If you want to save on energy costs, install a clothesline in your backyard and make use of the sun and wind to naturally dry your clothes for free. They’ll last longer, and smell better, too.
If it’s too cold to dry them outside, you may want to opt for using the dryer, or find a spot upstairs where rooms may benefit from the added humidity.
Install a Fireplace
A wood burning stove installed in the basement can drastically reduce the humidity of the room that it’s in. While it’s a misconception that wood burning stoves dry out air more than a furnace, the reason they do is because of the concentration of the heat.
Furnaces distribute heat around the entire house, so while they dry out the home to the same degree, the wood burning stove dries out the area directly surrounding it. Wood stoves are always vented outside, which also increases air circulation.
Gas fireplaces that are vented outside will dry out the air in the same way as wood burning stoves, but un-vented ones may have the opposite effect, as this type of combustion actually adds moisture to the air.
Fix Foundation and Grading Issues
If any concrete grading around your home slopes inward instead of outward, water will inevitably seep in. Fix the grading so that water falls away. This may be enough to solve any leaks coming in through the foundation.

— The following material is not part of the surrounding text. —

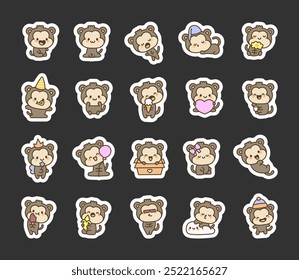 Adorable kawaii monkey character. Sticker Bookmark. Funny little animal. Hand drawn style. Vector drawing. Collection of design elements.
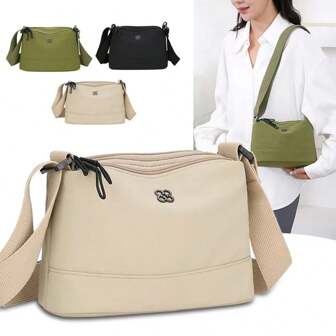 Multi-Layer High Capacity Thick Nylon Shoulder Bag, Water-Resistant Fabric, Simple Design, Suitable For Small Commuters, Crossbody Bag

If there aren’t any issues with the grading around your house, but you are noticing leaks or places where water pools, then the job becomes a bit bigger and more expensive, as it means you may have a crack somewhere in the foundation. This can be costly, but the repair is necessary to save the integrity of your home.
Leaks after heavy rainfall can damage your items, and cause other problems like mold and mildew. Installing a sump pump may be another way to deal with constant floods and leaks, but this can also be expensive and back-breaking work.
If you suspect you have foundation issues, get a professional to assess the job.
Check Downspouts and Eaves
You may not need a contractor to reduce the amount of moisture that is seeping in through your walls, as it could be as simple as drawing water away from the home. Take a walk around the perimeter of your house and see if there are spots where the ground angles into the home rather than away.
Driveways, lawns, patios, and pathways should all be built with slope in mind so that when it rains, water runs away from the foundation. You may be able to fix slope problems yourself by adding height to these areas with dirt fill, gravel, or concrete, depending on the location.
Downspouts from eaves troughs should also be checked to see that they usher rainfall towards gutters and sloping driveways, not foundations.
You can buy downspout extensions or long pipes to help guide the rain towards a slope. They can also be fed into rain barrels, or directly into rain gardens to eliminate excess water from getting into your home.
Adding a better slope to your paved spaces could be a much cheaper and more efficient way to eliminate water from entering.
Basements will naturally be humid spaces because of their construction and location, but that doesn’t mean you can’t achieve healthy levels and keep the space comfortable.
Remember that the goal for basement humidity is reducing excess amounts, not abolishing them. You'll never be able to completely remove it, nor should you want to. Invest in a humidistat and use some of these tips to keep humidity levels below 50 percent.
Learning how to reduce basement humidity may solve common issues and keep major repairs at bay, while also maintaining the health of your home and those who live in it.